Though it may be cheaper, Whistler wont be sending its garbage to Squamish until that landfill is up to environmental standards.
Council reinforced this decision at Mondays meeting as they re-committed to sending Whistlers solid waste to the Rabanco landfill in Washington state. The waste will be moving south once Whistlers landfill closes in October.
Brian Barnett, general manager of engineering and public works, gave council the option to pursue keeping its garbage in the corridor. He said recent talks with the province revealed authorities would consider allowing Squamish to accept Whistlers waste despite the landfill being below provincial environmental standards.
Though sending it closer to home would likely lower costs, it would have greater environmental ramifications.
"We expect the Squamish option would be less expensive than Rabanco, so thats an advantage," said Barnett this week. "The disadvantage to Whistler is that it doesnt have as high environmental standards as the Rabanco landfill."
Barnett explained that the greenhouse gas emissions are higher under the Squamish option despite it being closer to home.

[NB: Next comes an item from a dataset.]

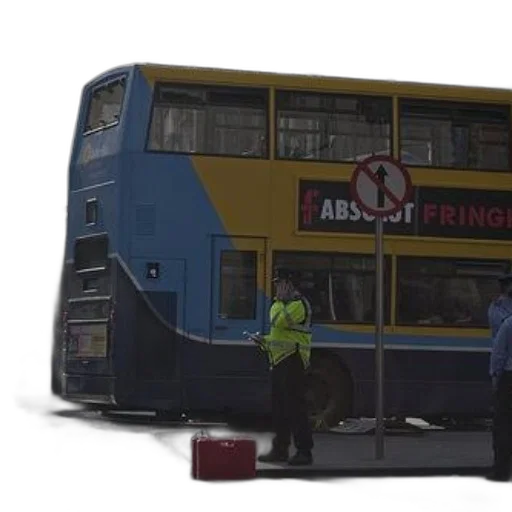 concept art, city street, double-decker, bus transparent PNG cut-out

A detailed analysis of greenhouse gas emissions revealed disposing Whistlers waste in a landfill with a gas management system like Rabancos is almost four times better than disposing the waste in a landfill without that system, even with the increased transportation emissions. Neither Whistler nor Squamish has a gas management system.
The leachate containment is also far better at the Rabanco site.

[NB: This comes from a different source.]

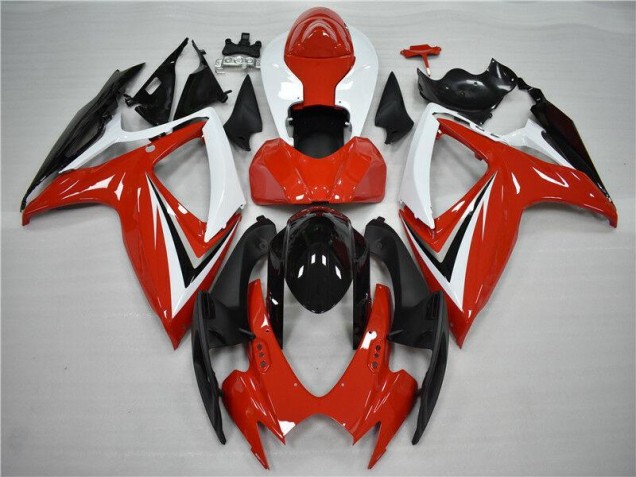 Rosso Nero Carene Moto & Plastica Moto Suzuki GSXR 600 / 750 K6 2006-2007 Rosso Nero Carene Moto & Plastica Moto Suzuki GSXR 600 / 750 K6 2006-2007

Councillor Ken Melamed kicked off the discussion at Mondays council meeting by saying Whistler should not be taking environmental steps backwards. He called on council to enter into a three-year contract with Rabanco, continue working with the District of Squamish to bring their landfill up to environmental standards and also to get more aggressive in Whistlers waste reduction standards.
Council supported these requests.
Expanding and upgrading the Squamish landfill would likely only be feasible if Whistler commits to sending its waste there. As such, the municipality is working with Squamish on a business case.
"The municipality has expressed interest in working with Squamish on the business case to confirm that (the landfill) does work on a corridor wide basis, recognizing that wed be a significant partner in that decision," added Barnett.
In the meantime, he said the municipality has started a site assessment of potential locations for a transfer station in town, which would hold the garbage until it is shipped out of Whistler. One site north of town is being assessed as well as seven sites in the southern end.